Tim Goodman of The Hollywood Reporter said "HBO finds its best and funniest full-on comedy in years with this Mike Judge creation, and it may even tap into that most elusive thing, a wide audience." Matt Roush of TV Guide said "The deft, resonant satire that helped make Judge's Office Space a cult hit takes on farcical new dimension in Silicon Valley, which introduces a socially maladroit posse of computer misfits every bit the comic equal of The Big Bang Theorys science nerds." Emily VanDerWerff of The A.V. Club said "It feels weirdly like a tech-world Entourage—and that's meant as more of a compliment than it seems." Brian Tallarico of RogerEbert.com praised the jokes but commented on the slow character development in the first two episodes, and the reliance on common stereotypes in technology, including "the nerd who can't even look at a girl much less talk to her or touch her, the young businessman who literally shakes when faced with career potential". He goes on to state that the lack of depth to the characters creates "this odd push and pull; I want the show to be more realistic but I don't care about these characters enough when it chooses to be so".

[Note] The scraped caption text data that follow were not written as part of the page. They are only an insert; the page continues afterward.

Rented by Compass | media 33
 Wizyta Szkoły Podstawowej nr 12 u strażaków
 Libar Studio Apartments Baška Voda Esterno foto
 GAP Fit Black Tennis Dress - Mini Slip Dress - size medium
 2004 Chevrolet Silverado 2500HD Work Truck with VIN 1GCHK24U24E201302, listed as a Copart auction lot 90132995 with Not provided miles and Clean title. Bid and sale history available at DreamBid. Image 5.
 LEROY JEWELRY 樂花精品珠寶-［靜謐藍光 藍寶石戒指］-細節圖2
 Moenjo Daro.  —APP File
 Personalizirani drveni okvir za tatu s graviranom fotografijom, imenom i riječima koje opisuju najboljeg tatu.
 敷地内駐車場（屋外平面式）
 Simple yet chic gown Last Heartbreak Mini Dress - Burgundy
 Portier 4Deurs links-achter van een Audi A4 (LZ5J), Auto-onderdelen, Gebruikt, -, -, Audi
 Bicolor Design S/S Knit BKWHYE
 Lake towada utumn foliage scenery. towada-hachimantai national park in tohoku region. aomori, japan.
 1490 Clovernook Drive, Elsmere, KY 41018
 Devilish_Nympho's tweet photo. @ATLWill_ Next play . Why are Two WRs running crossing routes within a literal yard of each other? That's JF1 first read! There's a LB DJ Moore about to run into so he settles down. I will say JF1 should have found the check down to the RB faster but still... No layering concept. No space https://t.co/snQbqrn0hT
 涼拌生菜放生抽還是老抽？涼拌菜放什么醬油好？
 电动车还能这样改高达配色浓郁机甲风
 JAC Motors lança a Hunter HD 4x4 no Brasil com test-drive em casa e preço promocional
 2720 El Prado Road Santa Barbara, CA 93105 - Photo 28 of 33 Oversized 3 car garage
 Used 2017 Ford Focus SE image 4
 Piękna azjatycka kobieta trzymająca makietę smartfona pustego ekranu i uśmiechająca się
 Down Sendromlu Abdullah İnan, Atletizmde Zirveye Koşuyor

David Auerbach of Slate stated that the show did not go far enough to be called risky or a biting commentary of the tech industry. "Because I'm a software engineer, Silicon Valley might portray me with my pants up to my armpits, nerdily and nasally complaining that Thomas' compression algorithm is impossible or that nine times F in hexadecimal is 87, not 'fleventy five' (as Erlich says), but I would forgive such slips in a second if the show were funny." Auerbach claimed that he used to work for Google, and that his wife also worked for them at the time of the review.

=== Accolades ===
At the 72nd Golden Globe Awards, the show was nominated for Best Series (Musical or Comedy). For the 66th Primetime Emmy Awards, the series received five nominations, including Outstanding Comedy Series, Outstanding Directing for a Comedy Series (Mike Judge for "Minimum Viable Product"), Outstanding Writing for a Comedy Series (Alec Berg for "Optimal Tip-to-Tip Efficiency"), Outstanding Art Direction for a Contemporary Program (Half-Hour or Less), and Outstanding Main Title Design.

== Home media ==
The first season was released on DVD and Blu-ray on March 31, 2015; bonus features include eight audio commentaries and three behind-the-scenes featurettes.